空気は少しひんやりしているが、寒すぎず、気持ちの良い夜気だ。
真一郎はぐっすりと眠っていた。それを妨げたのは、誰かの気配。
何者かが、真一郎に近づいてくる。
(もしかして……)
心当たりはひとつしかない。
(警察に……見つかったか……?)
ぼんやりした頭で『逃げなければ』と思ったが、あまりの眠気に体が動かない。目を開けることすらできなかった。
その間に、何者かがどんどん近づいてきた。
警察に見つかると、どうなってしまうのだろう。実は今までにも公園で寝たことはあったが、警察に見つかったことは一度も無かった。できれば、交番で注意されるくらいで済んでほしいのだが。
真一郎の肩に、手が置かれる。
とても冷たい手だ。
きっと警察ではない、と彼は思った。では誰なのか。それはわからない。
真一郎の首へと手が移動する。誰かが顔を近づけてくる気配がした。
いやな予感。しかし、こんなときなのに体が動かない。
そして、首筋に痛みを感じたとき、やっと真一郎は気づいた。
殺人鬼かもしれない、と。
鋭い何かが首筋に突き立てられている。
そこから血が溢れ出した。かなり出血していると思う。
何者かの舌が、彼の首を伝った。血を舐めている。
いや、飲んでいるといったほうが正しいか。
首筋に突き立てられたものが、どんどん深く食い込んでいく。
真一郎は凍りついていた。

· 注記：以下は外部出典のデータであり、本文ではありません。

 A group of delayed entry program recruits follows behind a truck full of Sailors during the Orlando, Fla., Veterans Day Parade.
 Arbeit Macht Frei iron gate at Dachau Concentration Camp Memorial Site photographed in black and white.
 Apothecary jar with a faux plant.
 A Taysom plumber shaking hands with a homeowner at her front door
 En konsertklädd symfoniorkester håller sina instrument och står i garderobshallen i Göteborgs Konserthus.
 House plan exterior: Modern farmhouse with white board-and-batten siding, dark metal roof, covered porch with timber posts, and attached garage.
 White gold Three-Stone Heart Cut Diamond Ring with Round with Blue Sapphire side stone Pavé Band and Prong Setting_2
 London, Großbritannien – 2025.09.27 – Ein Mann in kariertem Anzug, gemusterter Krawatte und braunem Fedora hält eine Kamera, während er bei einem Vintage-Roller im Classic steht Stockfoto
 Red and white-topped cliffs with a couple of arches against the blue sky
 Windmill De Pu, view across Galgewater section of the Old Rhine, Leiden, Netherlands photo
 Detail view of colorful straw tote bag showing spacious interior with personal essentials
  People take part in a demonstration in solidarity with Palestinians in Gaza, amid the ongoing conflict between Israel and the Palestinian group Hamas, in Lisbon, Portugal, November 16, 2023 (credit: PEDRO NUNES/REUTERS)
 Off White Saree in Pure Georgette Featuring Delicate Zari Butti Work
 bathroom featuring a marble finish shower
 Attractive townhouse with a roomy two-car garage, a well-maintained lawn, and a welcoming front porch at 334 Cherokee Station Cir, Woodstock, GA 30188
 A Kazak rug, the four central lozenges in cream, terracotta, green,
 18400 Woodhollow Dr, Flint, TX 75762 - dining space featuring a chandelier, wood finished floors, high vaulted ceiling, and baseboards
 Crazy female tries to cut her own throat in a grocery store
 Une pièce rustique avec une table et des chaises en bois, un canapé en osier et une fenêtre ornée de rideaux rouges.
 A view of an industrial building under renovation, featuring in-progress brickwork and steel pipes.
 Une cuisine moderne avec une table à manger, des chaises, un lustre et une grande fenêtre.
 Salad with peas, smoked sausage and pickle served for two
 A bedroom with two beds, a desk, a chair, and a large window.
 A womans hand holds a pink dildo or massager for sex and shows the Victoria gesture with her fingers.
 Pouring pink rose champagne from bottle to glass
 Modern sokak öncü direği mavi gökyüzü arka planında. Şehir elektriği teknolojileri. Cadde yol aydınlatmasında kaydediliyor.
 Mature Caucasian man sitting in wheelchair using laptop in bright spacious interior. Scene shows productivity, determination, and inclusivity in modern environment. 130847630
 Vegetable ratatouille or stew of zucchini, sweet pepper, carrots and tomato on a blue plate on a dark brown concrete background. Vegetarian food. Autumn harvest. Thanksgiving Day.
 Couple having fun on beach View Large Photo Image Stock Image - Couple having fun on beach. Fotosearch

体から多量の血が失われるのを感じる。
まさか自分が殺されるなんて、思わなかった。
死にたくない。
だが、もうどうにもならない。
絶望しかない。
意識が遠のく。
「マリエ……」
急に、彼の耳に声が聞こえた。
「マリエの味がする……ねえ、マリエなの? マリエは、生きているの……?」
子供の声のような気がするが、その言葉の意味は分からない。
ぽたぽたと、何者かの涙が首筋に落ちてきた。
「マリエ……」
やがて、首に突き立てられていた何かが離れた。そのまま何者かが遠ざかっていく気配がする。
よくわからないが、命は助かったようだ。安心した途端、真一郎の意識は一気に深い眠りへと落ちていった。